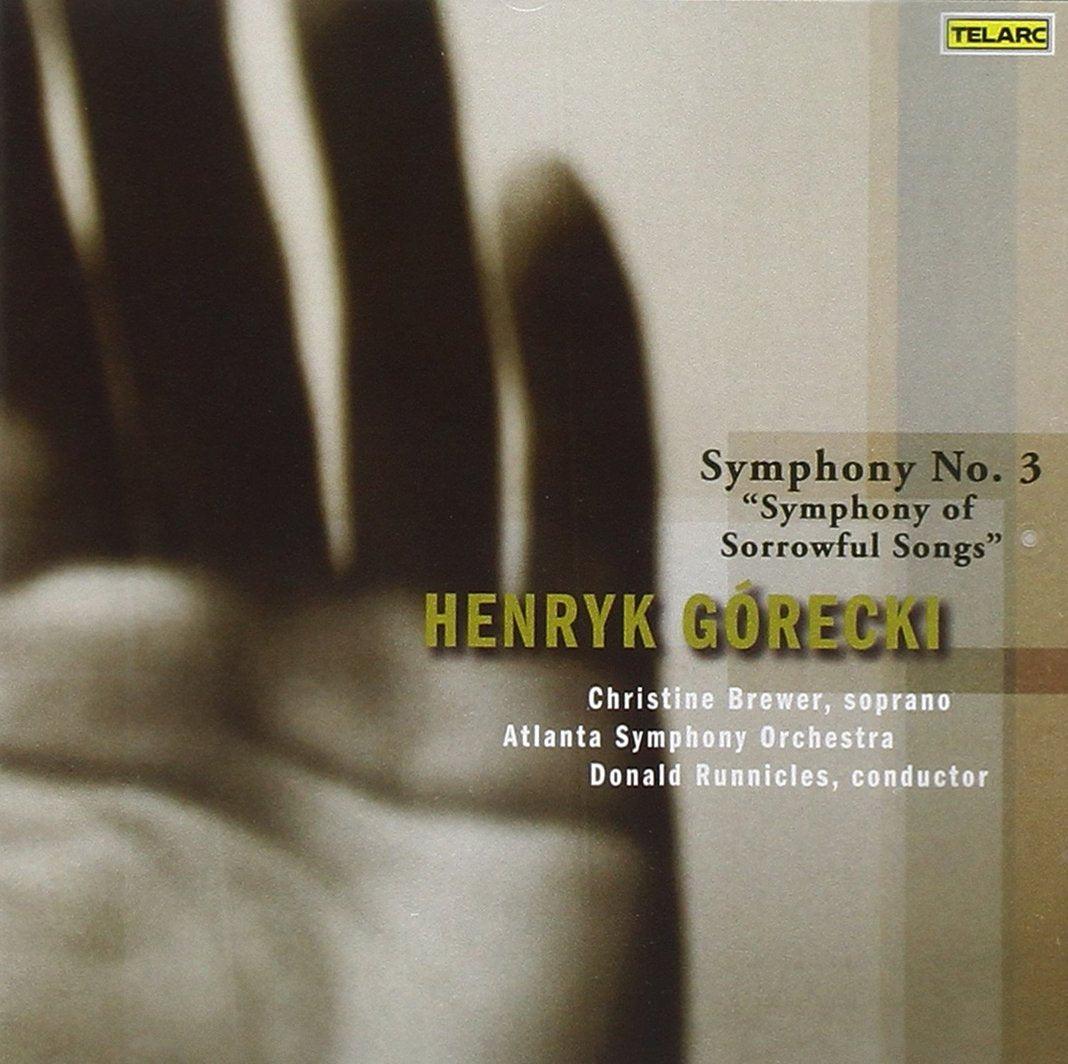 GORECKI: Symphony No. 3, Op. 36 "Symphony of Sorrowful Songs" - Runnicles, Atlanta Symphony Orchestra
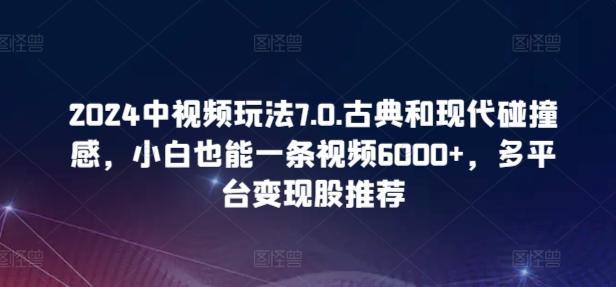 2024中视频玩法7.0.古典和现代碰撞感，小白也能一条视频6000+，多平台变现【揭秘】-知库商学院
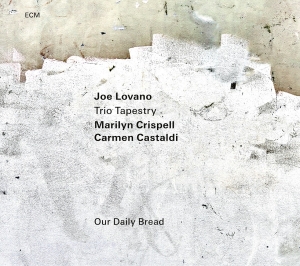 Joe Lovano Trio Tapestry - Our Daily Bread ryhmässä CD @ Bengans Skivbutik AB (4240975)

→ **Your task**: The aim is an exact repeat of the entire listing, stripped of pictures.

→ **Worked solution**:
 GORECKI: Symphony No. 3, Op. 36 "Symphony of Sorrowful Songs" - Runnicles, Atlanta Symphony Orchestra
 2024中视频玩法7.0.古典和现代碰撞感，小白也能一条视频6000+，多平台变现【揭秘】-知库商学院
 Joe Lovano Trio Tapestry - Our Daily Bread ryhmässä CD @ Bengans Skivbutik AB (4240975)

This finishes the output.